01Problem Statement and Scope

The proliferation of large language models capable of producing source code has introduced two questions that did not previously require automated tooling. Given a body of source code:

Which portions, if any, were generated by a language model rather than written by a human author? This is a question of provenance.
Which portions, if any, will instantiate or drive an autonomous AI agent when executed — for instance by calling a model-inference API in a loop, or by constructing an agent object from an agent framework? This is a question of runtime behaviour.

These two questions are independent. Human-written code may construct an AI agent; AI-generated code may be entirely static and contain no agent logic. A complete analysis treats them separately, using different methods, and reports them as different findings.

This paper restricts itself to the detection methods themselves. It does not address what should be done with a detection result, nor does it make any claim about the prevalence, desirability, or risk of either AI-generated code or embedded agents. Those are questions of policy, not of technique.

02Provenance Detection: The General Framing

Provenance detection is an instance of authorship attribution, a field that substantially predates large language models. Classical authorship attribution treats the problem as supervised classification: a body of code is converted into a feature vector, and a model trained on labelled examples predicts the author [1]. The same framing applies when the candidate "authors" are reduced to two classes, human and machine.
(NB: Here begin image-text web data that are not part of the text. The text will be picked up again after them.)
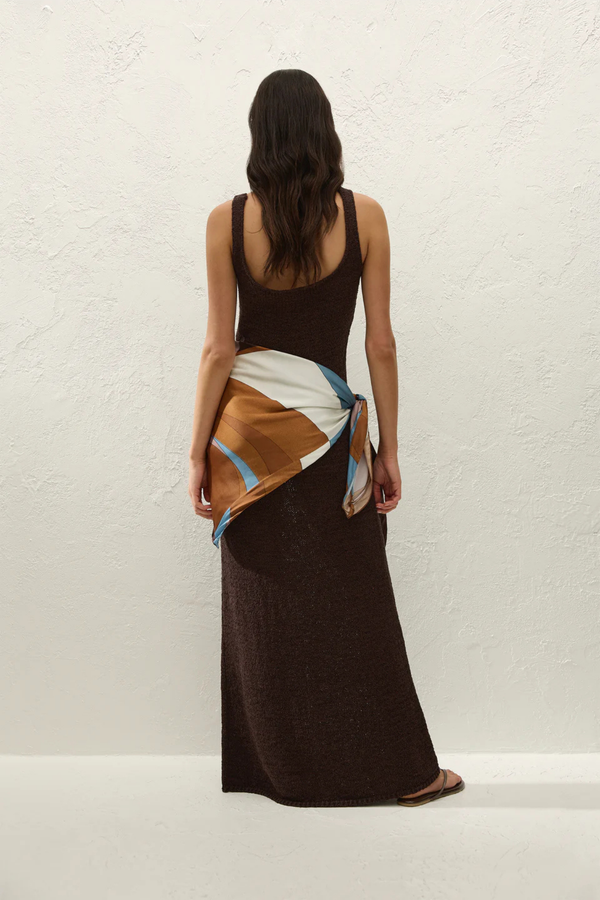 Soleil Waist Scarf in Notte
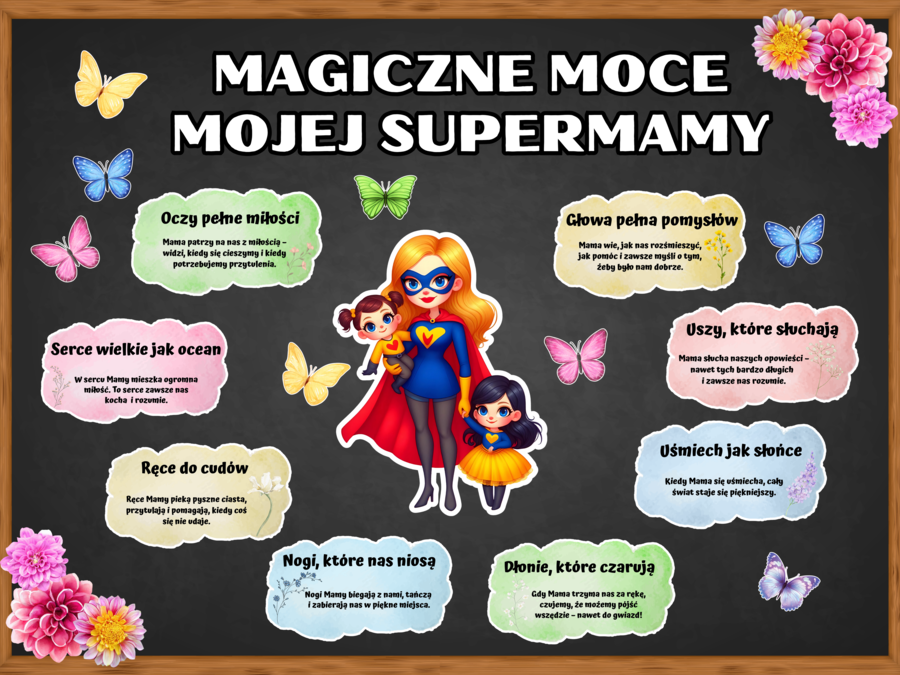 DZIEŃ MAMY - zestaw materiałów - MAGICZNE MOCE MOJEJ SUPERMAMY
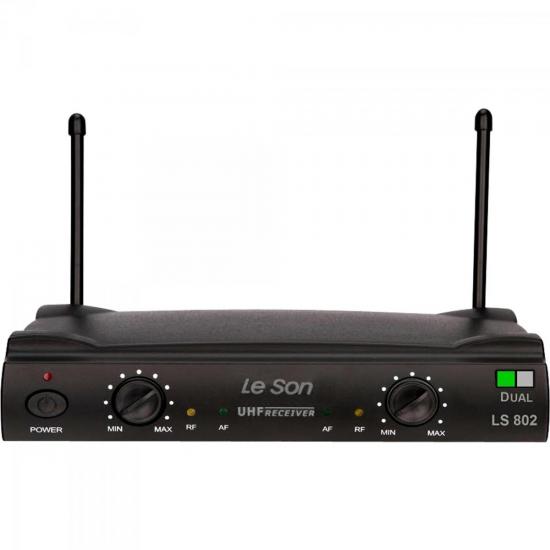 Microfone Sem Fio LS802HT/HT Preto LESON por 0,00 à vista no boleto/pix ou parcele em até 1x sem juros. Compre na loja Mundomax!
The foundational work in code authorship attribution established that programmers leave consistent, measurable stylistic traces in their code — a "coding fingerprint" derived from lexical, layout, and structural features [1]. The Code Stylometry Feature Set introduced in that work demonstrated that such features could attribute authorship among large candidate pools with high accuracy. Subsequent surveys have organised the feature space into broad categories [2]:

Lexical features — frequencies of characters, keywords, operators, and identifiers; punctuation patterns; naming conventions [3].
Layout and formatting features — indentation style, brace placement, whitespace habits, and commenting patterns.
Structural and syntactic features — properties derived from the abstract syntax tree or control-flow graph, such as nesting-depth distribution and branching factor.

The application of this framing to the human-versus-machine question is recent but now well-represented in the literature, with several distinct methodological families.

03Provenance Detection: Method Classes

3.1 Supervised stylometric classification

The most direct approach trains a conventional machine-learning classifier (logistic regression, support vector machine, random forest, or gradient-boosted trees are all reported) on engineered stylometric features extracted from a labelled corpus of human and machine code. A recent multilingual study reported a single classifier achieving an average F1 score of 84.1% across ten programming languages, trained on an open dataset of over 120,000 labelled snippets [3]. This family has the advantage of interpretability — the contributing features can be inspected — and the disadvantage of depending on a feature-engineering process whose effectiveness is dataset-dependent [2]. The choice of classifier also matters: a study constructing a labelled corpus of human-written and AI-generated Python code reported that, among the baseline detectors tested, a Bayesian classifier outperformed the alternatives [12].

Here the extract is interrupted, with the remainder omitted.